Regular passenger train services are to run on the Dartmoor Line connecting Exeter to Okehampton for the first time in nearly half a century.
The £40million scheme will launch on Saturday, November 20, marking the first reopening under the Government’s Restoring Your Railway programme.
The Whitehall initiative is exploring ways to return old lines and stations to service.
And the resumed route connecting Exeter St Davids, Crediton and Okehampton aims to provide a launchpad for visitors to explore Dartmoor and regional links for local commuters.
Around half of services, including at peak times, will also carry on to Exeter Central.
The reopening of the line is expected to boost local businesses, the tourism sector, and provide greater access to education and work for thousands of people.
Department for Transport chiefs accelerated the reopening of the railway – delivering passenger services in only nine months from the original funding being approved.

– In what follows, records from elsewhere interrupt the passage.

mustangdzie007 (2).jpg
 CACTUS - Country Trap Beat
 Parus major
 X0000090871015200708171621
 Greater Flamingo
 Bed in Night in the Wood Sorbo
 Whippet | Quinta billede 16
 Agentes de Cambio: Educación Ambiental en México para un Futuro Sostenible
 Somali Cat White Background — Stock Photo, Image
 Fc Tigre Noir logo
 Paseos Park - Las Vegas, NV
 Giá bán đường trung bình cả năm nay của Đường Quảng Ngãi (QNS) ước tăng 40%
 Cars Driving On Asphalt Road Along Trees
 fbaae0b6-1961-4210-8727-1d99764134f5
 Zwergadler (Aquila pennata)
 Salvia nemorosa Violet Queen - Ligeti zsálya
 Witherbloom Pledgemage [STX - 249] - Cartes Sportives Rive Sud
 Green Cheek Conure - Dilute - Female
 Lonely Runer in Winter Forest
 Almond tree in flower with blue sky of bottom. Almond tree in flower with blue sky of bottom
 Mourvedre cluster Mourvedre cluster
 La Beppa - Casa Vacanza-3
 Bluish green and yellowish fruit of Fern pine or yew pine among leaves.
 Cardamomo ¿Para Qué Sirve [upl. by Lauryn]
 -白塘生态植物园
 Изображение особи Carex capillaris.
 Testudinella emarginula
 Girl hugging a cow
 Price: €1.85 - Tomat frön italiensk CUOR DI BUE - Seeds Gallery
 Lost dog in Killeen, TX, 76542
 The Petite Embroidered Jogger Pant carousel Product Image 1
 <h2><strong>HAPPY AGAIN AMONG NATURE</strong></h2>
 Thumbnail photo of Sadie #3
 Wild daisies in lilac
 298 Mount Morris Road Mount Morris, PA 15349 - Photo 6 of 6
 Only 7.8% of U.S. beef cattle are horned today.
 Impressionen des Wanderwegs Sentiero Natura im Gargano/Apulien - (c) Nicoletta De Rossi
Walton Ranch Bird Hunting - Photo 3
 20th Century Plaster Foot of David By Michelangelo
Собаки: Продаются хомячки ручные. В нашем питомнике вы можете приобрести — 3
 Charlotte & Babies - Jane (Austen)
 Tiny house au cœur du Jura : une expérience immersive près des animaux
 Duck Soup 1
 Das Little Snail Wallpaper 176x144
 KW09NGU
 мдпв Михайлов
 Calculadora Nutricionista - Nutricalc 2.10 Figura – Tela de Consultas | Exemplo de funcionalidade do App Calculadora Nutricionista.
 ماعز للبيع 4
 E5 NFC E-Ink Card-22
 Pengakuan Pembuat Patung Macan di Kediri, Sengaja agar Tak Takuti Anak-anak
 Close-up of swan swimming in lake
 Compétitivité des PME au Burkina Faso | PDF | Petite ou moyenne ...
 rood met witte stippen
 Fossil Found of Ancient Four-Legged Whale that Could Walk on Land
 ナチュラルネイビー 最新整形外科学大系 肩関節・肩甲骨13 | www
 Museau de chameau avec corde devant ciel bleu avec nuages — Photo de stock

Transport Secretary Grant Shapps said: “‘The project, funded by over £40million from the Department for Transport, is part of the wider campaign to reverse catastrophic cuts to the rail network primarily led by the Beeching axe.”
The work has been a successful collaboration between the DfT, Network Rail, GWR, Devon County Council, Devon and Cornwall Rail Partnership, and local campaigners and MPs.
Network Rail engineers laid 11 miles of new track and installed 24,000 concrete sleepers and 29,000 tonnes of ballast in record time.
Repairs have also been made to 21 structures along the route including four bridges.
Vegetation clearance, earth and drainage works and fencing are ongoing.
GWR managing director Mark Hopwood said: “The project to reopen the line is already helping to bring social and economic benefits to the local area reinforces the positive impact the railway can have on the communities we serve.”
Mike Gallop, Network Rail’s western route and strategic operations director, added:
“We’re delighted that we’ve reopened this much needed railway line for passenger services in just nine months and ahead of schedule.”
Regular passenger services will run on the route for the first time since 1972.
The line has only been open during the summer since 1997.
More work will be carried out over the winter, including further work on the station buildings to enable the restoration of a café and other facilities.